> Required action: For the entries that follow, restate word for word the line containing "Decoratiune de Craciun", the line containing "WASHWEPE 1 Pair", and every line that lies between them.

> Data in this exercise:

_ _ _ _

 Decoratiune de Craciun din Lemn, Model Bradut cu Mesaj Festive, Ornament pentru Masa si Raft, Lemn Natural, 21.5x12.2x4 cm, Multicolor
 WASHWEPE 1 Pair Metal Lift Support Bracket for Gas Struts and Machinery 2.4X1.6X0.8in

_ _ _ _

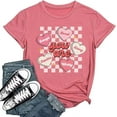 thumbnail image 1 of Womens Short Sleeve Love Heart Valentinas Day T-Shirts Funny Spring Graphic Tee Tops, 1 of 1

_ _ _ _

> Answer:
 Decoratiune de Craciun din Lemn, Model Bradut cu Mesaj Festive, Ornament pentru Masa si Raft, Lemn Natural, 21.5x12.2x4 cm, Multicolor
 WASHWEPE 1 Pair Metal Lift Support Bracket for Gas Struts and Machinery 2.4X1.6X0.8in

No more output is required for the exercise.